INFORMATION SUPPLIED Block Start

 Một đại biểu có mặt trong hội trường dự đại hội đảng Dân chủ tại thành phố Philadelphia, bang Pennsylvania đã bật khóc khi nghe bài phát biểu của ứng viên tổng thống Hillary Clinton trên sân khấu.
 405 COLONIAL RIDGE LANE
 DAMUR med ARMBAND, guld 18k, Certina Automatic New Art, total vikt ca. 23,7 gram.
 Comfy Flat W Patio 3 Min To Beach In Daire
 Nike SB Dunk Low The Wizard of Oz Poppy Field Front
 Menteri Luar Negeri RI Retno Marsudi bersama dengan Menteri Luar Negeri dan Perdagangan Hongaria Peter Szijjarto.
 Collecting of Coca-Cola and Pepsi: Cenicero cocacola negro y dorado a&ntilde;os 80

INFORMATION SUPPLIED Block End

=== AIM OF THE EXERCISE ===
After locating the line with "405 COLONIAL RIDGE LANE", please repeat it and every line after it exactly, through the end of the data above.

=== RESULT OF THE EXERCISE ===
 405 COLONIAL RIDGE LANE
 DAMUR med ARMBAND, guld 18k, Certina Automatic New Art, total vikt ca. 23,7 gram.
 Comfy Flat W Patio 3 Min To Beach In Daire
 Nike SB Dunk Low The Wizard of Oz Poppy Field Front
 Menteri Luar Negeri RI Retno Marsudi bersama dengan Menteri Luar Negeri dan Perdagangan Hongaria Peter Szijjarto.
 Collecting of Coca-Cola and Pepsi: Cenicero cocacola negro y dorado a&ntilde;os 80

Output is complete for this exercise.